_TASK DIRECTIONS_
Could you restate, exactly and with nothing added, the lines from the start of the data through the line that holds "Welcome back to the", leaving the pictures out?

_GIVEN INFORMATION_
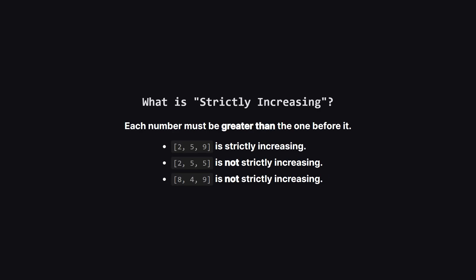Let's zoom in on that strictly increasing rule. This is a key detail. It means every number in the subarray has to be larger than the one that came just before it. So a list like 2, 5, 9 works perfectly. But a list like 2, 5, 5 fails because the two fives are equal, not strictly increasing. And of course, 8, 4, 9 fails right away because the numbers go down.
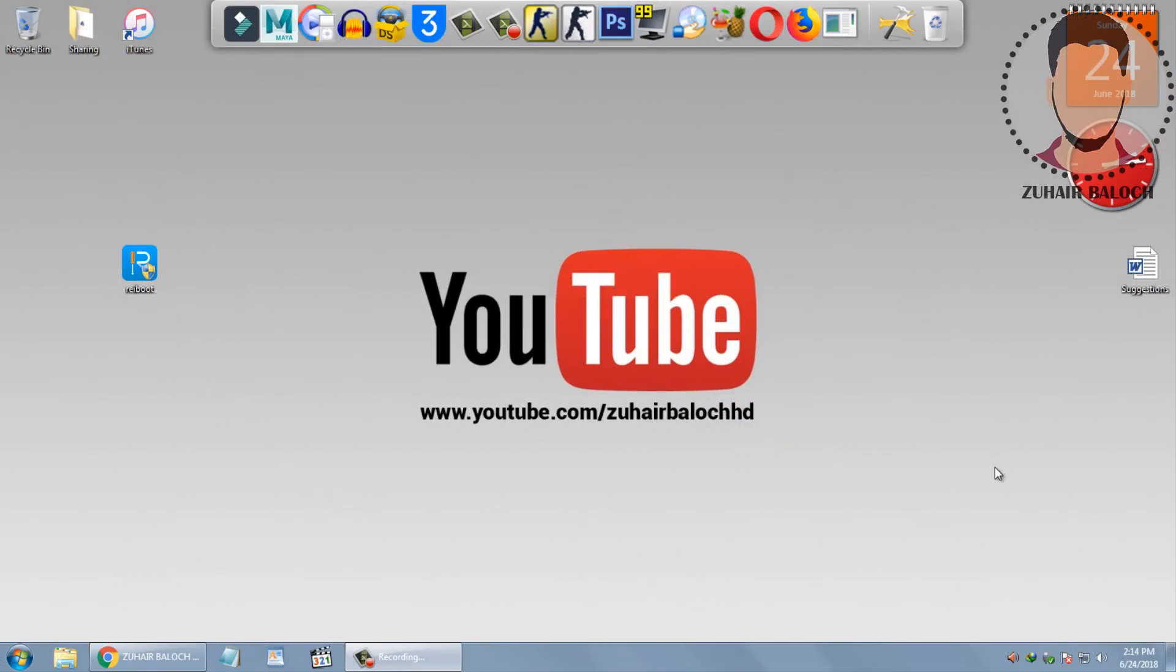What's going on guys, it's Zuhair here back with another episode checking out the Reboot software. Without wasting any time...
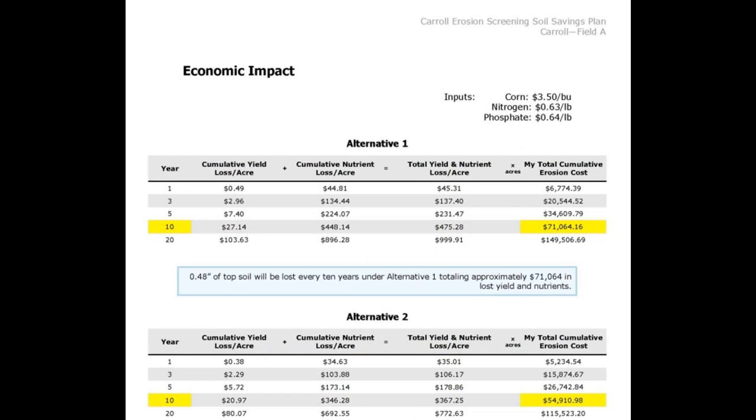The new economic impact table will show owners and operators the cost of erosion on their land based on customizable inputs for the price of corn and input costs of nitrogen, phosphate, and potash.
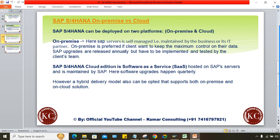I'll explain the differences between on-premise and S4HANA cloud in more detail. A hybrid delivery model can also be opted for, which supports both on-premise and cloud solutions.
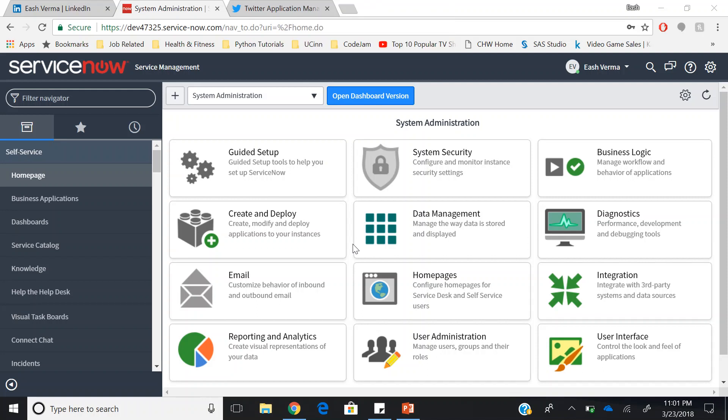Hello everyone, my name is Ish and today in this video I will be demonstrating an out-of-the-box integration of ServiceNow with Twitter.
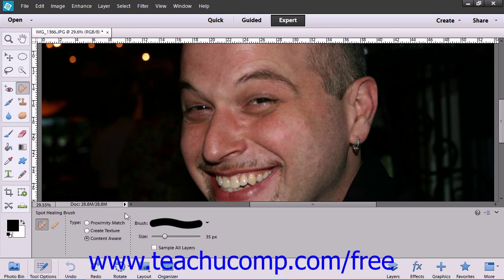Note that you can also select Content Aware in the Tool Options bar. This is a great option to remove objects from an image, as Elements attempts to replace what you paint over with content matching the surrounding pixels. After selecting Content Aware, just click and drag in the image to remove the objects.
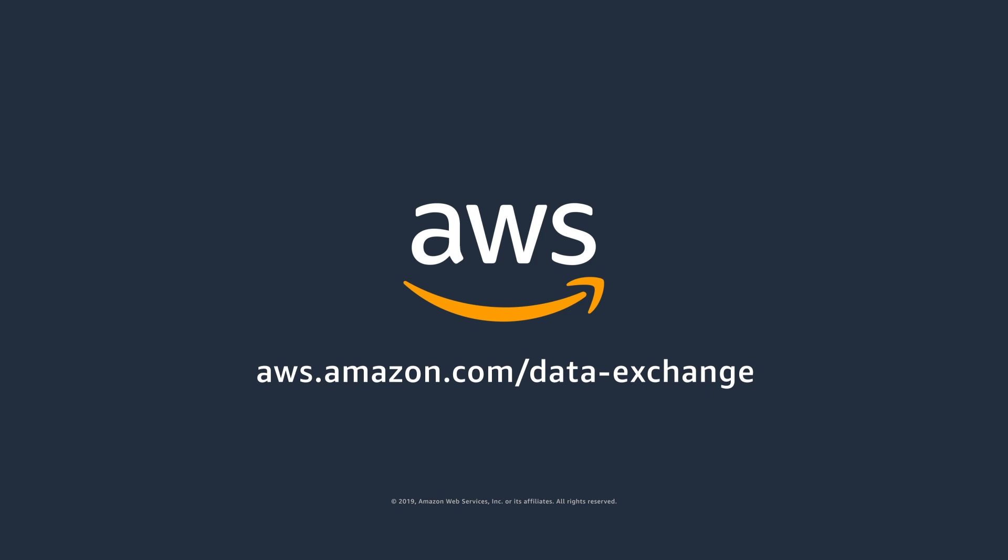Learn more at aws.amazon.com/data-exchange.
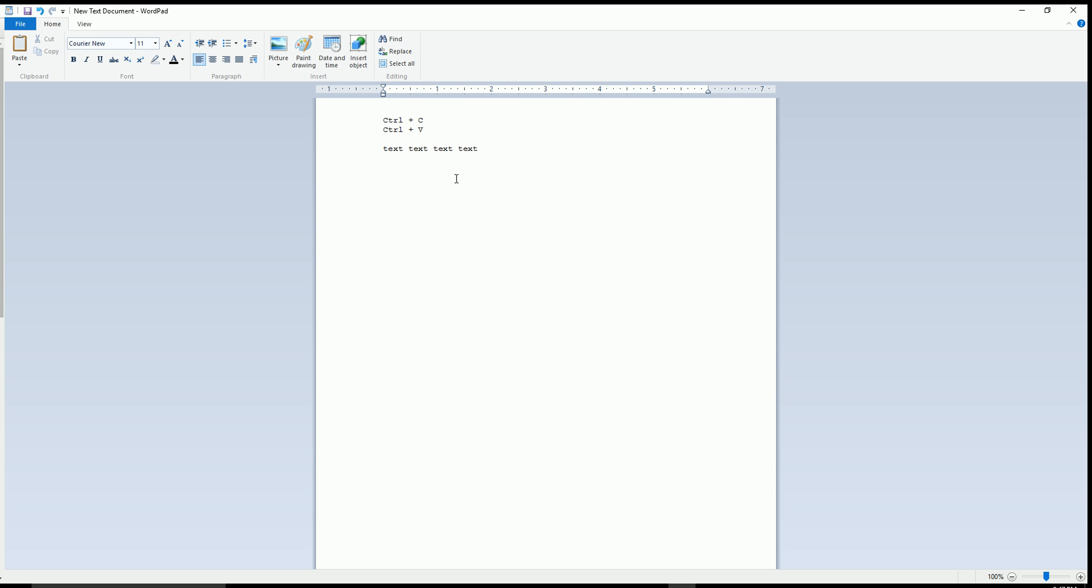Another way on the keyboard, you have to highlight the text. Hold down the Ctrl key and press C at the same time. That copies the text.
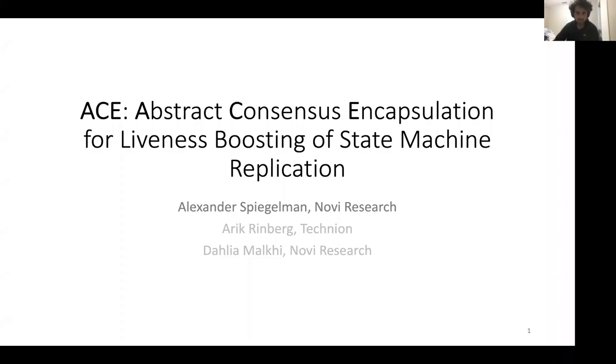Hi, my name is Alexander Spiegelmann. Today I will present ACE, Abstract Consensus Encapsulation for Liveness Boosting of State Machine Replication. This is a joint work with Arik Rindberg and Dalia Malki.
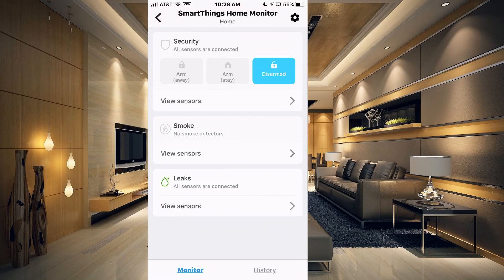So you started using the new SmartThings app and you set up your SmartThings Home Monitor, but how do you control it outside of SmartThings? How can you control it with your Alexa devices? How can you use it with SharpTools or any other third-party integration? I'm going to show you how to get that set up.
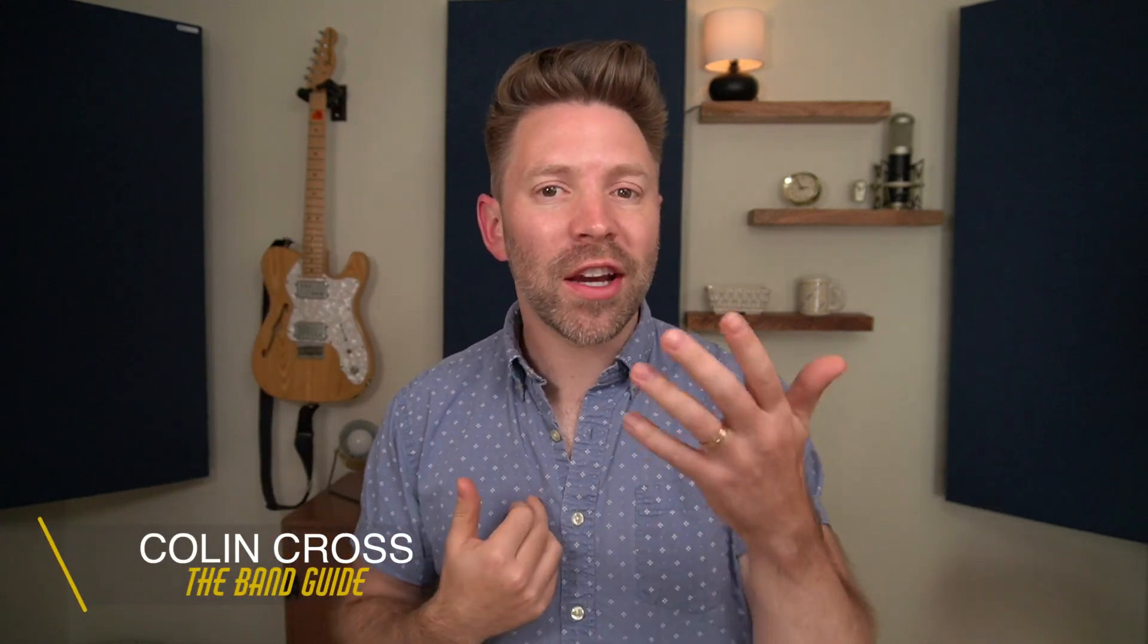Welcome back to the Band Guide where we use GarageBand to create professional sounding music. I'm your Band Guy, Colin, and today I want to talk to you about GarageBand Drummer.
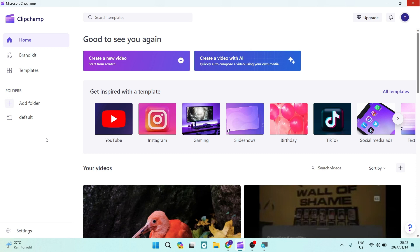Good day, folks. Welcome to the channel. If you want to really customize your videos on ClipChamp, this is an awesome way to do it.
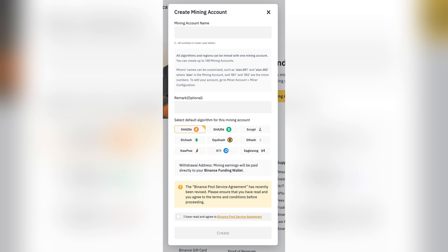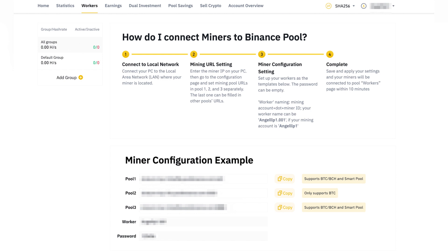Typically, the process involves configuring your miner and starting the miner. After your miners are up and running, you can monitor your mining stats directly from the Binance Pool dashboard, which shows your hash rate, earnings, and other metrics.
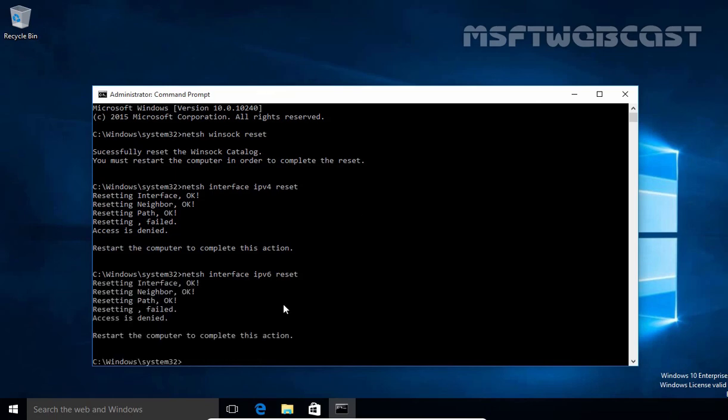Now you have to restart your computer to complete this action. So this is the way how you can reset Winsock and TCP IP on Windows 10 computer. Once you run all three commands, don't forget to restart your computer. That's it for this video demonstration. Thanks for watching this video.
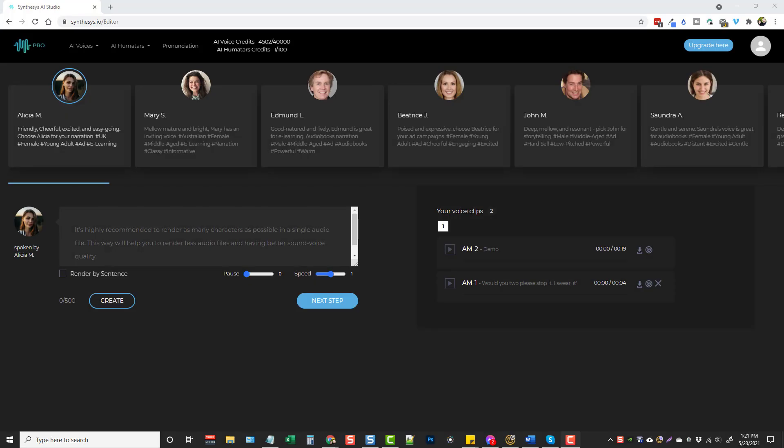Hey, this is Chris with VidSociety.com. In this video, I'm going to do a review for you on a new product called Human Synthesis Studio.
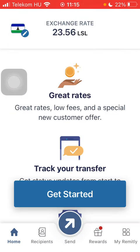Hello guys, in this video I'm going to show you how to send money from the United Kingdom to Liberia on the Remitly application. But first, I just want to mention: don't forget to subscribe to my channel.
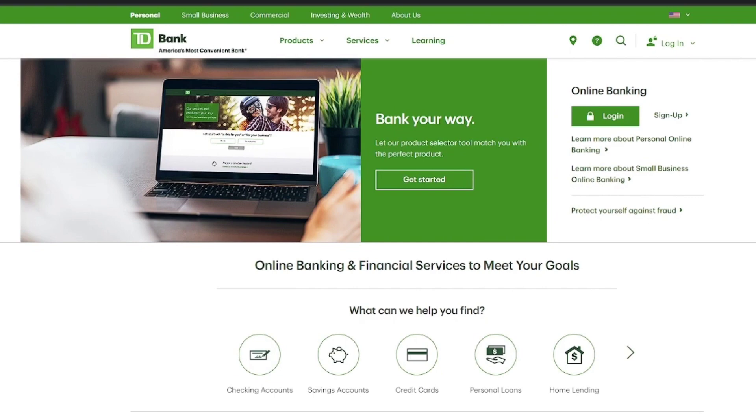You have two options: access your credit score through TD Bank Online Banking or the TD Bank mobile app.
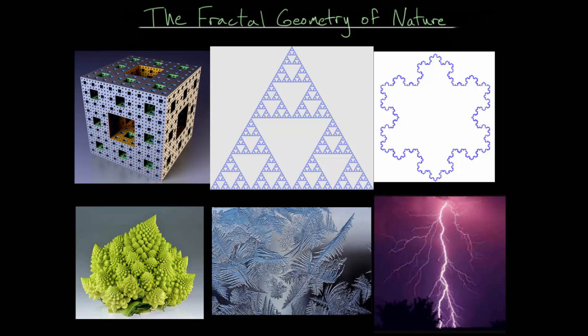In this video, I'd like to talk about the fractal geometry of nature. A fractal is essentially a self-similar object, or it's an object that has fractional dimension.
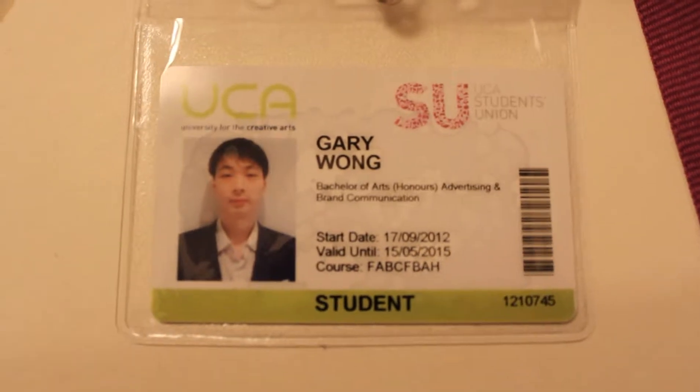As you can see from my student card, I'm at my first university and this is probably a tour of my room.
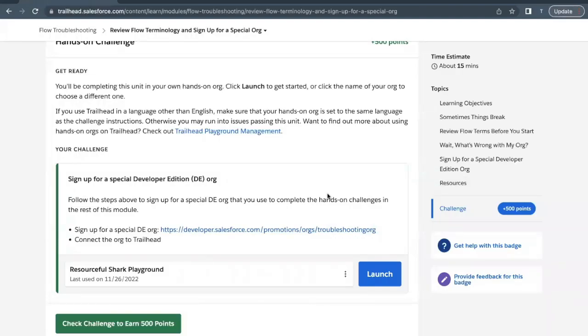Hello everyone, welcome back to another video of Trailhead explanation. In this video we are going to cover unit review flow terminology and sign up for a special org from the module Flow Troubleshooting. This is the very first unit of this module.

_COMPLETED EXERCISE_
Let's zoom in on that strictly increasing rule. This is a key detail. It means every number in the subarray has to be larger than the one that came just before it. So a list like 2, 5, 9 works perfectly. But a list like 2, 5, 5 fails because the two fives are equal, not strictly increasing. And of course, 8, 4, 9 fails right away because the numbers go down.
What's going on guys, it's Zuhair here back with another episode checking out the Reboot software. Without wasting any time...
The new economic impact table will show owners and operators the cost of erosion on their land based on customizable inputs for the price of corn and input costs of nitrogen, phosphate, and potash.
I'll explain the differences between on-premise and S4HANA cloud in more detail. A hybrid delivery model can also be opted for, which supports both on-premise and cloud solutions.
Hello everyone, my name is Ish and today in this video I will be demonstrating an out-of-the-box integration of ServiceNow with Twitter.
Note that you can also select Content Aware in the Tool Options bar. This is a great option to remove objects from an image, as Elements attempts to replace what you paint over with content matching the surrounding pixels. After selecting Content Aware, just click and drag in the image to remove the objects.
Learn more at aws.amazon.com/data-exchange.
Another way on the keyboard, you have to highlight the text. Hold down the Ctrl key and press C at the same time. That copies the text.
Hi, my name is Alexander Spiegelmann. Today I will present ACE, Abstract Consensus Encapsulation for Liveness Boosting of State Machine Replication. This is a joint work with Arik Rindberg and Dalia Malki.
So you started using the new SmartThings app and you set up your SmartThings Home Monitor, but how do you control it outside of SmartThings? How can you control it with your Alexa devices? How can you use it with SharpTools or any other third-party integration? I'm going to show you how to get that set up.
Welcome back to the Band Guide where we use GarageBand to create professional sounding music. I'm your Band Guy, Colin, and today I want to talk to you about GarageBand Drummer.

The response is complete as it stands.